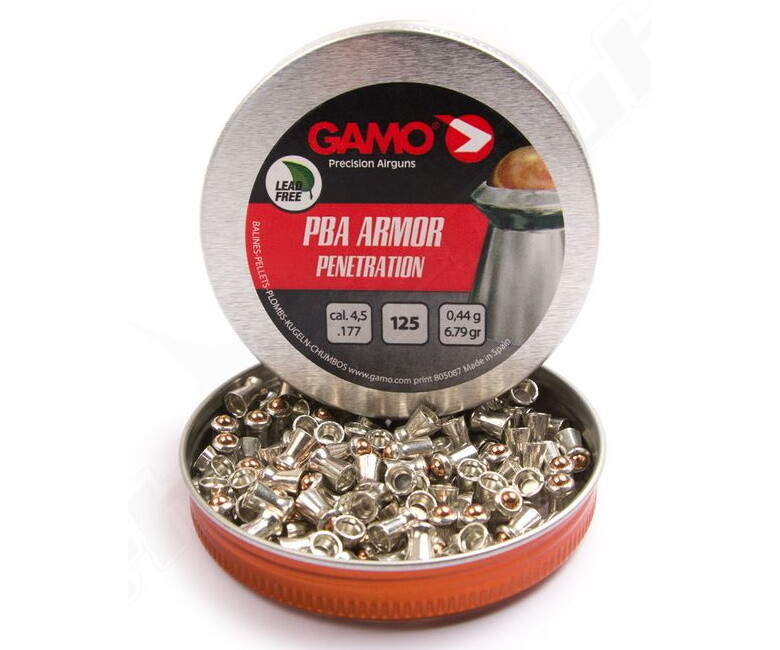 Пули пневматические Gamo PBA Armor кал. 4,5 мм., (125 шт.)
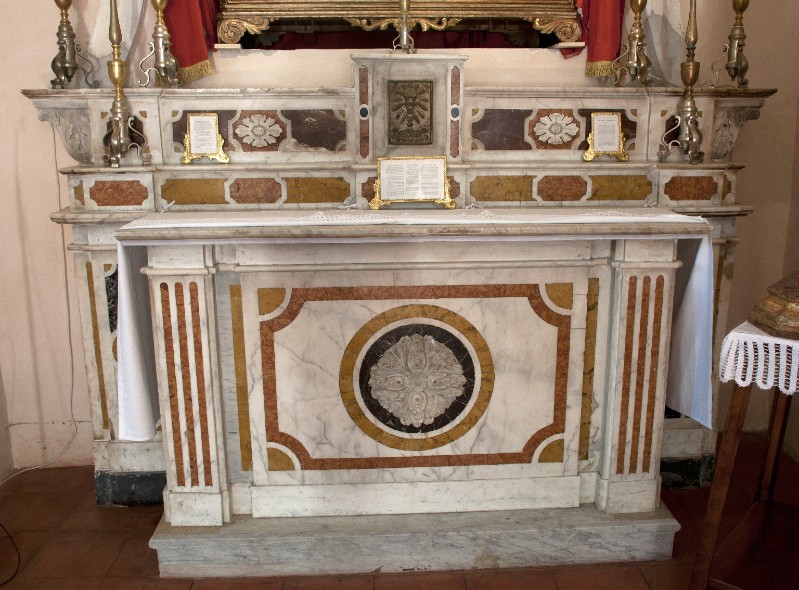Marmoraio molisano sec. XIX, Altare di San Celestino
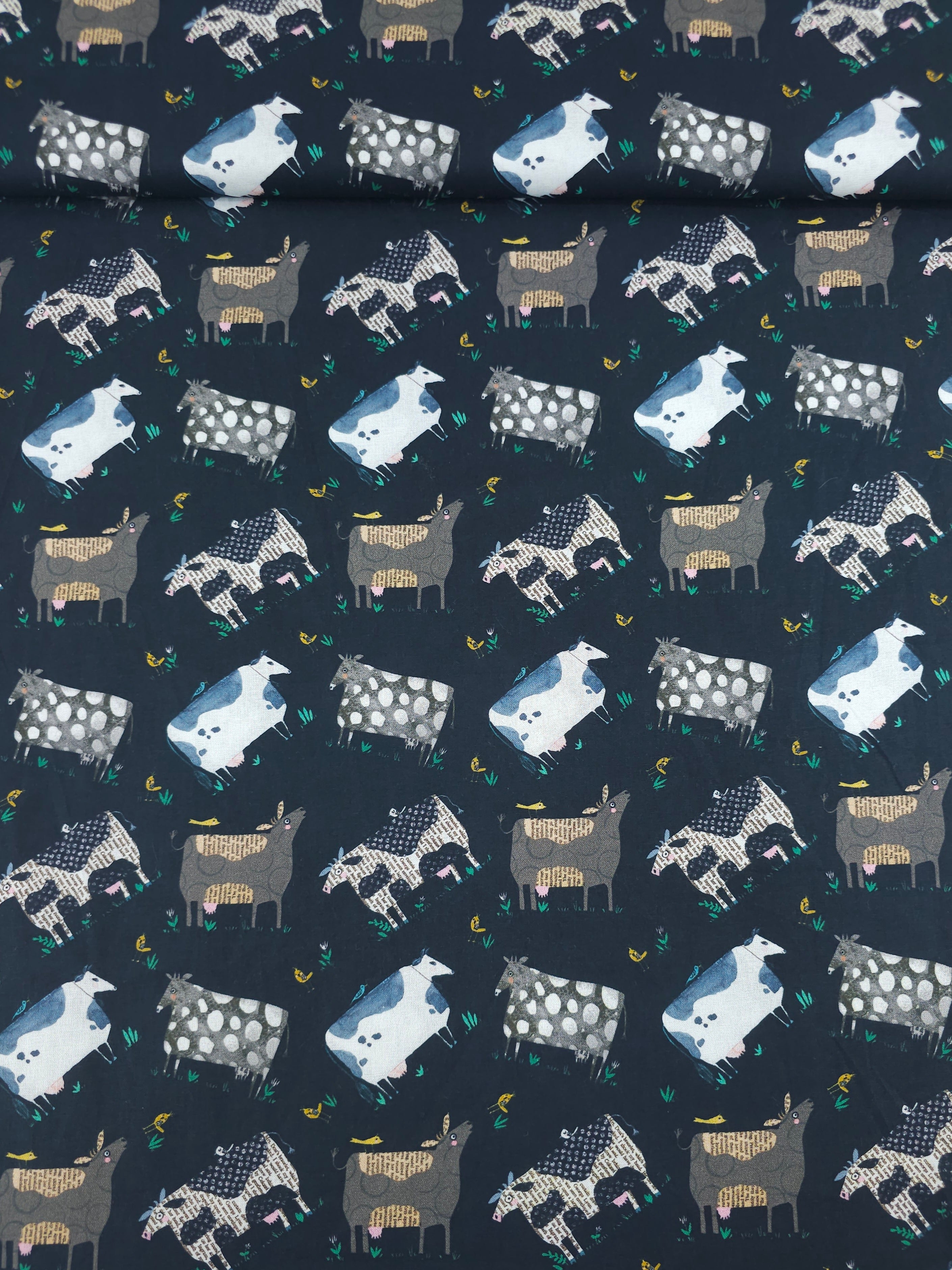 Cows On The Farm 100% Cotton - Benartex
--
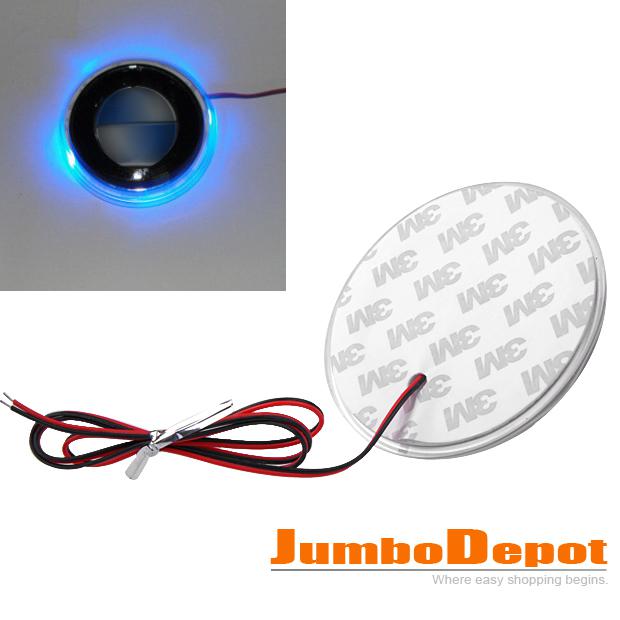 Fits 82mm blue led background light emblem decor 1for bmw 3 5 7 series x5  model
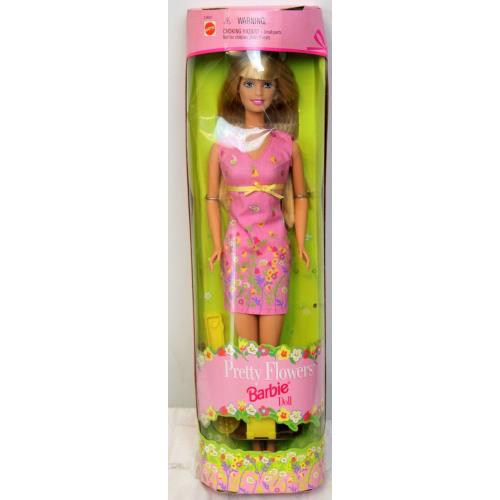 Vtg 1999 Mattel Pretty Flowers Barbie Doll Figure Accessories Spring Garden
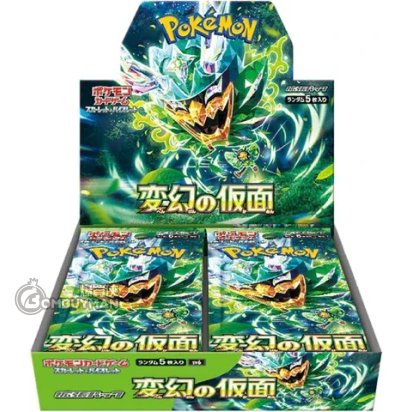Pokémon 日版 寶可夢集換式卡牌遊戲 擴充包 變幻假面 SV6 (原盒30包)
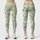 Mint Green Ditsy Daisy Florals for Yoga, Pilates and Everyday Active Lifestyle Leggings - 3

== ACTIVITY ==
What you return from the records above should be exactly everything from the line with "Pokémon 日版 寶可夢集換式卡牌遊戲 擴充包 變幻假面 SV6 (原盒30包)" down to the line with "Mint Green Ditsy", both kept, and no pictures.

== FINISHED EXERCISE ==
Pokémon 日版 寶可夢集換式卡牌遊戲 擴充包 變幻假面 SV6 (原盒30包)
 Mint Green Ditsy Daisy Florals for Yoga, Pilates and Everyday Active Lifestyle Leggings - 3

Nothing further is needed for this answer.